Segment Open
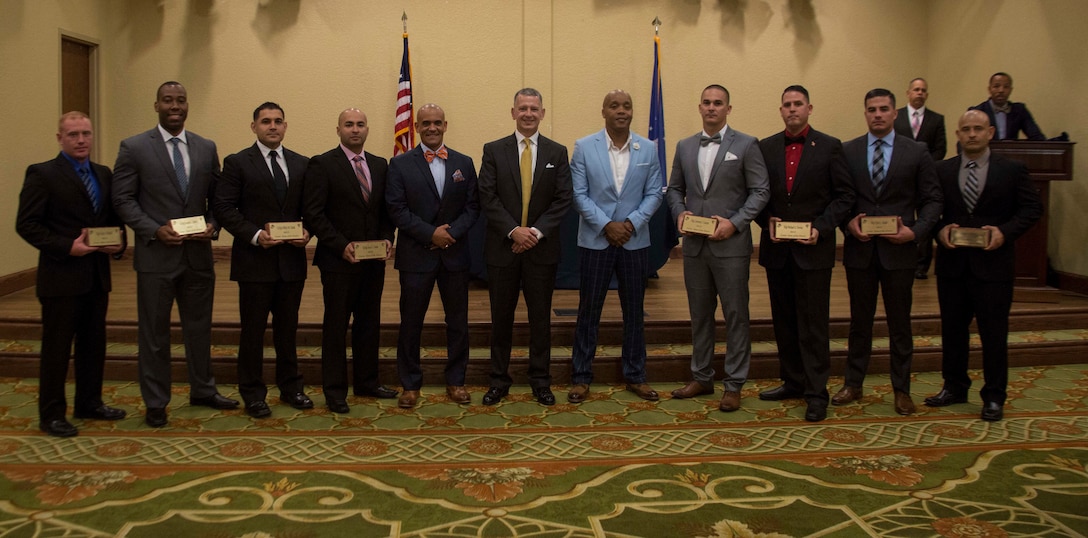 Col. William C. Gray, 6th Marine Corps District commanding officer, Sgt. Maj. Rafael Rodriguez, the Eastern Recruiting Region and Marine Corps Recruit Depot Parris Island sergeant major, and Sgt. Maj. Cortez L. Brown, 6th Marine Corps District sergeant major, present gifts to 6th MCD’s newest 8412 Marines at a professional dinner during the 8412 Symposium at Keesler Air Force Base, Mississippi, Aug. 23, 2018. The symposium brought all 6th MCD career recruiters, sergeants major and commanding officers together to provide information, develop updated recruiting products, and conduct sustainment training for the professional development of the recruiting force. (U.S. Marine Corps photo by Cpl. Jorge A. Rosales)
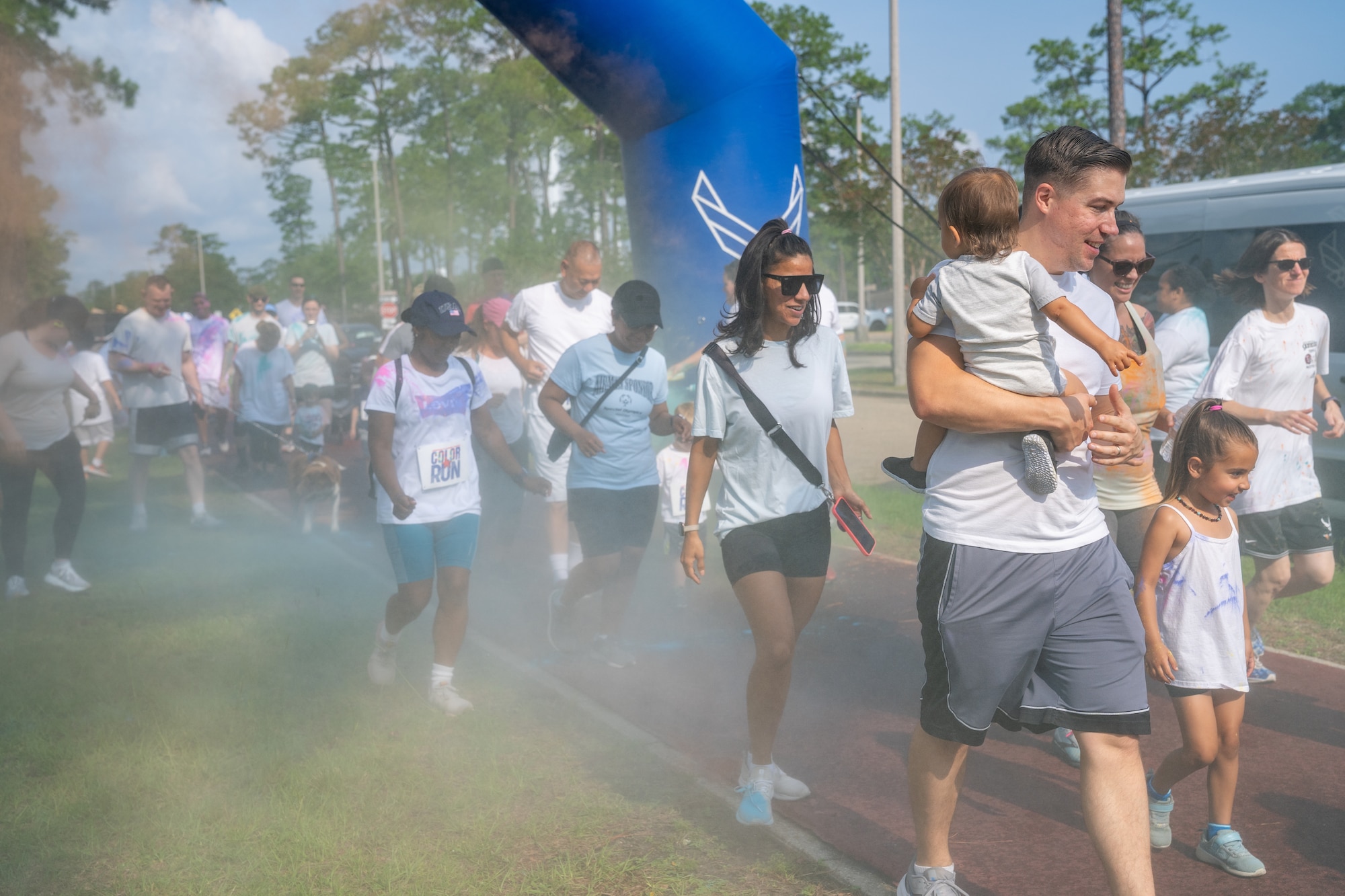 Airmen from the 81st Training Wing and families participate in the Armed Forces Day Color Run at Keesler Air Force Base, Mississippi, May 20, 2023.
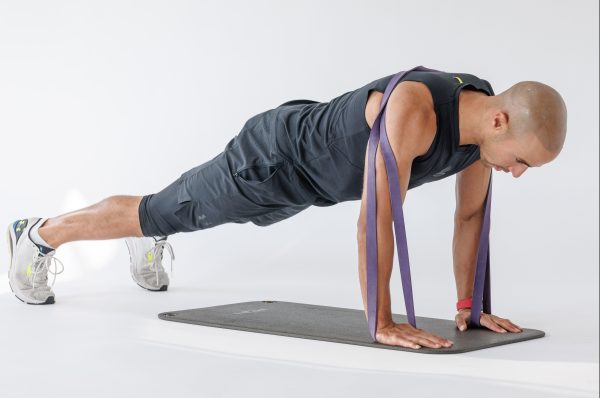 Man performing banded press-up in resistance band full-body workout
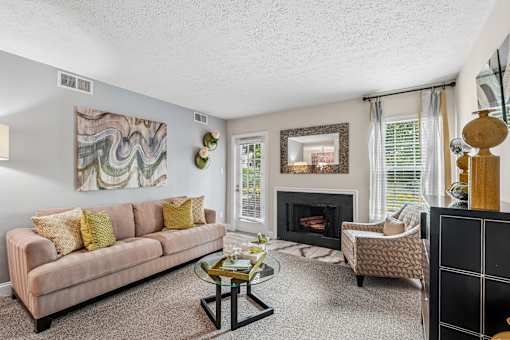 A living room with a fireplace and a painting on the wall.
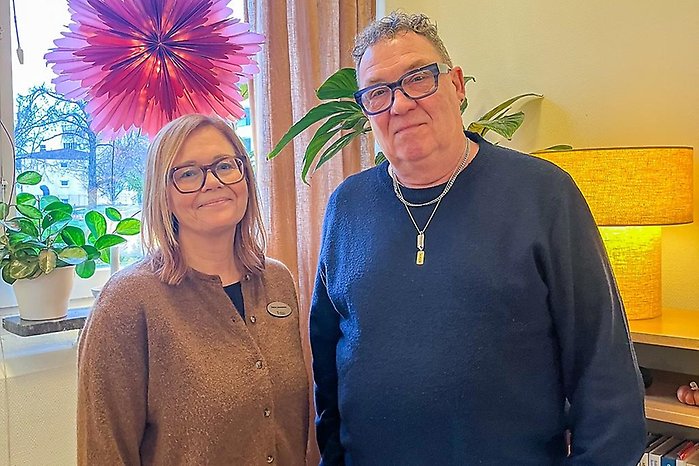 Petra och Magnus står inomhus bredvid en fönsterbräda med krukväxter och en pappersstjärna.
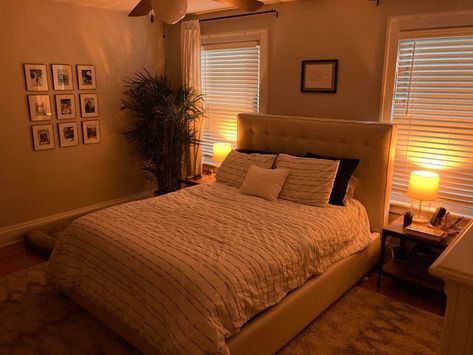 a large bed in a bedroom next to two windows with shutters on both sides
Segment Closed
→ PROBLEM DETAILS
Within the data above, repeat exactly the lines from the one bearing "Airmen from the" through the one bearing "A living room". Include no pictures and nothing else.

→ TASK ANSWER
 Airmen from the 81st Training Wing and families participate in the Armed Forces Day Color Run at Keesler Air Force Base, Mississippi, May 20, 2023.
 Man performing banded press-up in resistance band full-body workout
 A living room with a fireplace and a painting on the wall.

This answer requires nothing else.